Information shown »
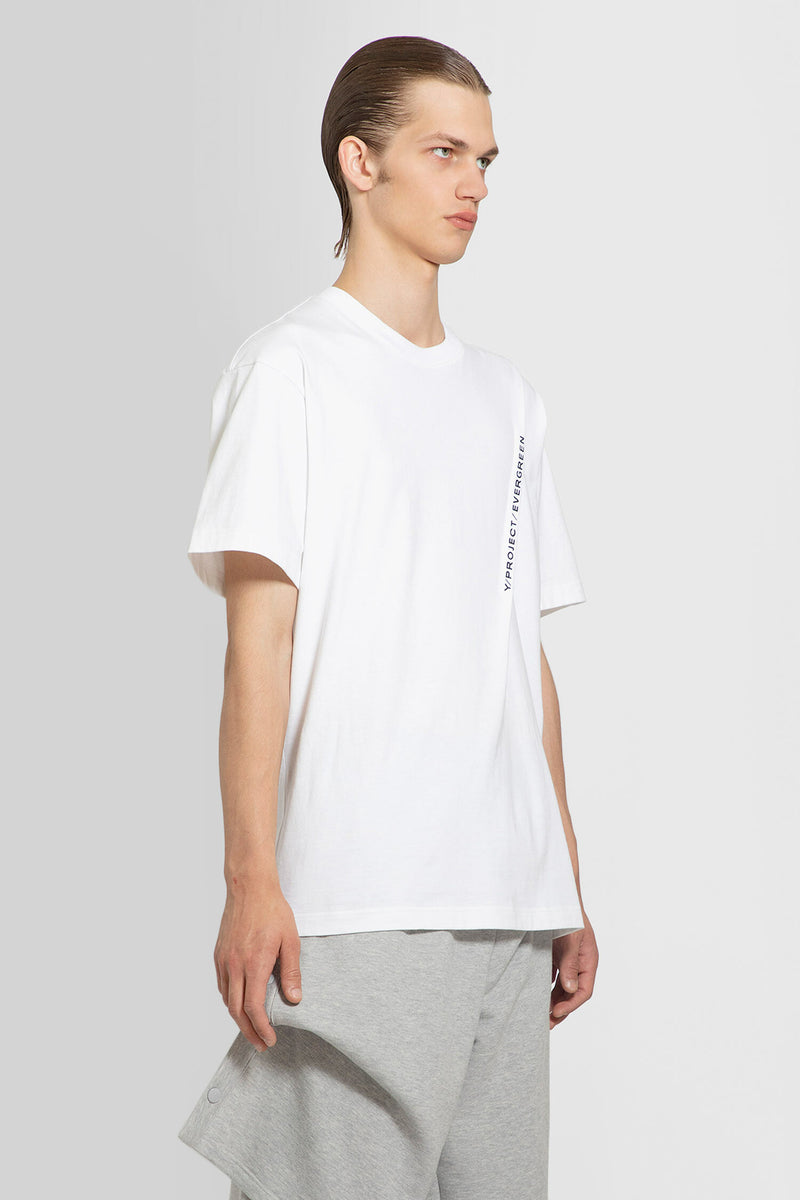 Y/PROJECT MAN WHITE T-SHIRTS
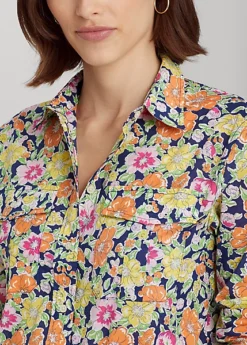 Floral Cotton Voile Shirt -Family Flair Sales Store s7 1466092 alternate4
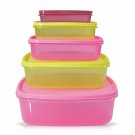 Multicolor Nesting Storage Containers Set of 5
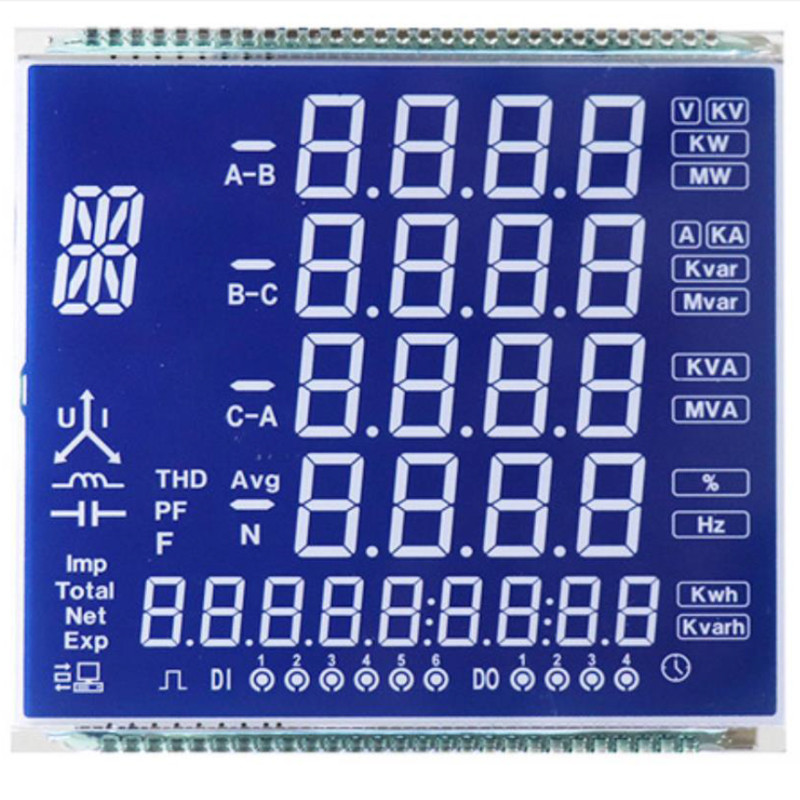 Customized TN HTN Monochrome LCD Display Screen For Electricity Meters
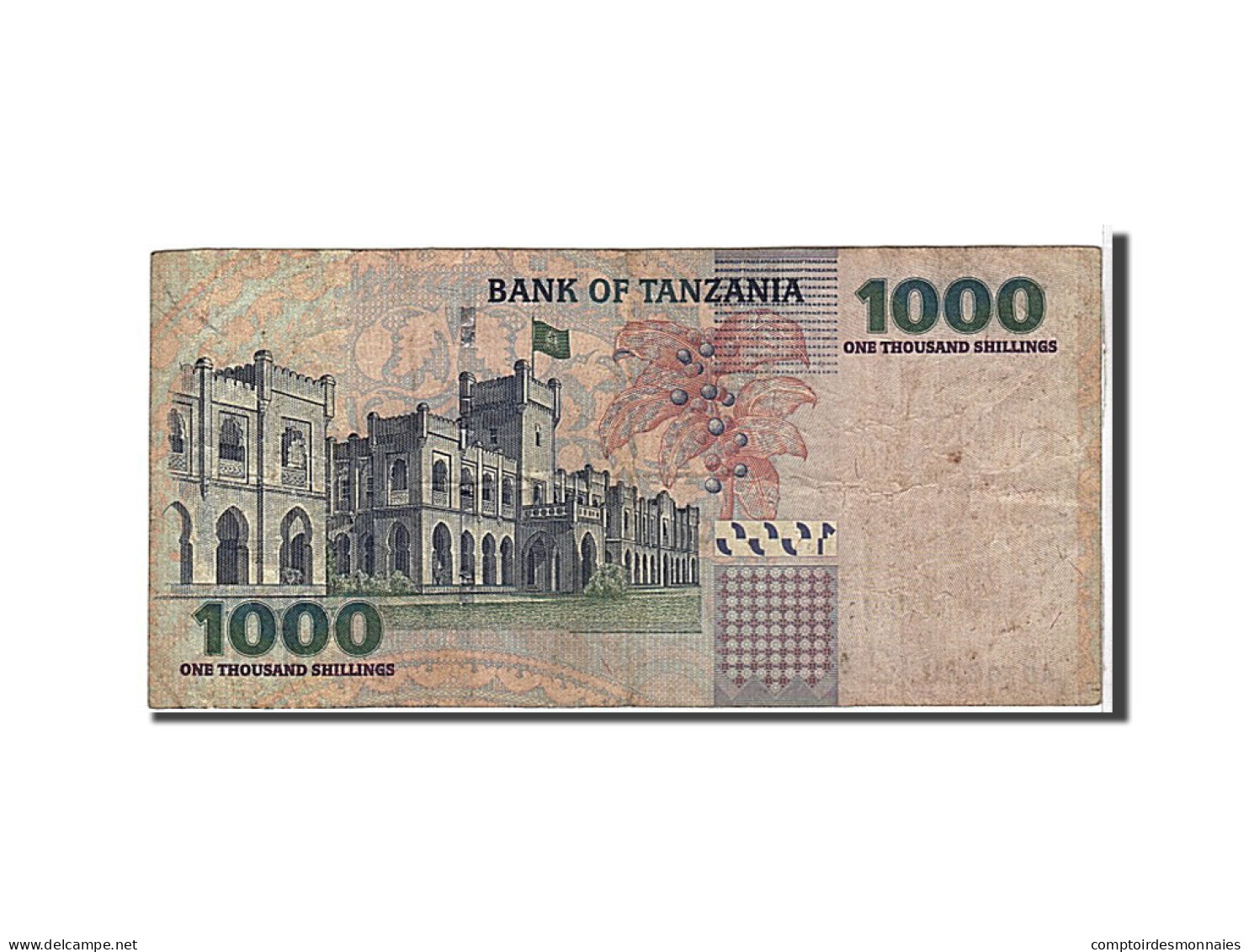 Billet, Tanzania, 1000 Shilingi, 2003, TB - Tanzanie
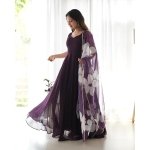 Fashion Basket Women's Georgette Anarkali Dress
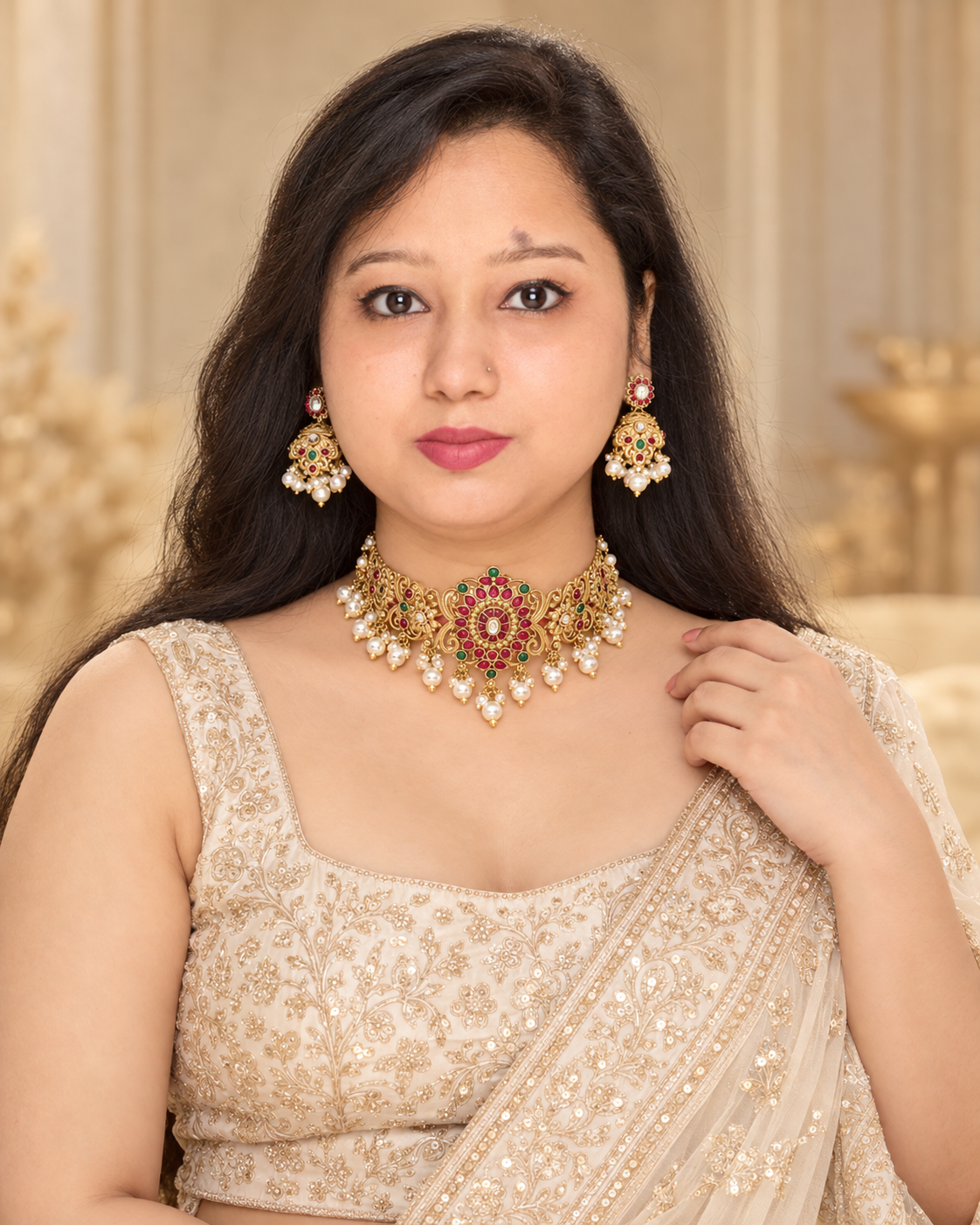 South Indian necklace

--

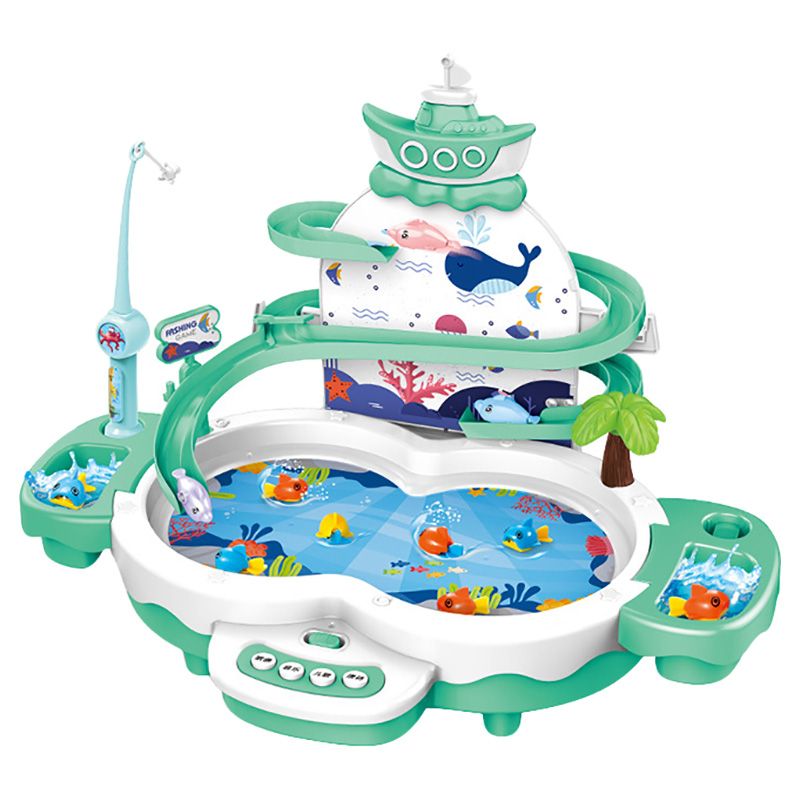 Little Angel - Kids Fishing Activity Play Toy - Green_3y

Activity » Please output the lines above beginning at the line with "Fashion Basket Women's" and ending after the line with "South Indian necklace", precisely as written and with no pictures.

Worked solution »
 Fashion Basket Women's Georgette Anarkali Dress
 South Indian necklace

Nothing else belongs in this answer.